Harry Shorten (1914–1991) was an American writer, editor, and book publisher best known for the syndicated gag cartoon There Oughta Be a Law!, as well as his work with Archie Comics, and his long association with Archie's publishers Louis Silberkleit and John L. Goldwater. From the late 1950s until his 1982 retirement, Shorten was a book publisher, overseeing such companies as Leisure Books, Midwood Books, Midwood-Tower Publications, Belmont Tower, and Roband Publications.

== Biography ==
=== Early life and education ===
Shorten was born in New York City, the son of Russian/Polish immigrants Joseph and Leah Shorten. He attended Thomas Jefferson High School in Brooklyn.
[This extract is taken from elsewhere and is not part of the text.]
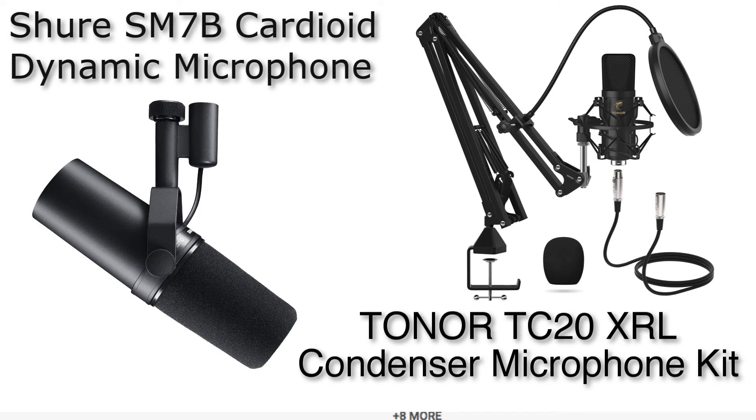The Shure SM7B is obviously a lot more advanced. You probably see a lot of YouTubers and professional broadcasters use them. It was also used on Michael Jackson's Thriller. Bono from U2 uses them, Red Hot Chili Peppers — a lot of male vocalists. It's a really good microphone for hard rock and singing.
Shorten attended New York University, where he played halfback for the football team and acquired the nickname "Streaky." He graduated from NYU in 1937 with a degree in geology.

After graduation, Shorten played professional football for a couple of years. He also wrote a book (with football coach Mal Stevens), called How to Watch a Football Game (Leisure League of America, 1937).

=== MLJ Comics ===
Shorten began his career as a writer with the pulp magazine publisher Columbia Publications (co-owned by Silberkleit) before moving on to MLJ Comics (later known as Archie Comic Publications). As a writer, Shorten co-created a number of superheroes for MLJ. In January 1940, with artist Irv Novick, Shorten created the Shield, the first USA patriotic comic book hero. That same year, Shorten also co-created with artist Bob Wood The Firefly. The Black Hood, another 1940 Shorten creation, became a popular character and in 1943 was given his own title, Black Hood Comics. Shorten occasionally used the MLJ house pen name "Cliff Campbell" for his comics writing, but didn't do much writing for MLJ after 1941 because of his editorial duties.

In 1940, Shorten was named managing editor at MLJ. Titles Shorten edited at MLJ included Blue Ribbon Comics, Shield-Wizard Comics, Pep Comics, Top-Notch Comics, Black Hood Comics, Hangman Comics, Jackpot Comics, and Zip Comics. He stayed at MLJ until 1957.

=== There Oughta Be a Law! ===

In 1944, while still at MLJ, Shorten made his fortune by creating a gag cartoon called There Oughta Be a Law!, with illustrator Al Fagaly. The panel was highly derivative of Jimmy Hatlo's They'll Do It Every Time. The panel was syndicated by McClure Newspaper Syndicate; eventually, it incorporated reader ideas (including elected politicians who wrote in with suggestions). Shorten provided the scripts, Fagaly the art. There Oughta Be a Law! ran from 1944–1984; Fagaly died in 1963, Shorten provided scripts until 1970, and the strip was later produced by Frank Borth, Warren Whipple, and Mort Gerberg.

=== Charlton Comics ===
Shorten wrote some mystery and war titles for Charlton Comics from 1952 to 1957.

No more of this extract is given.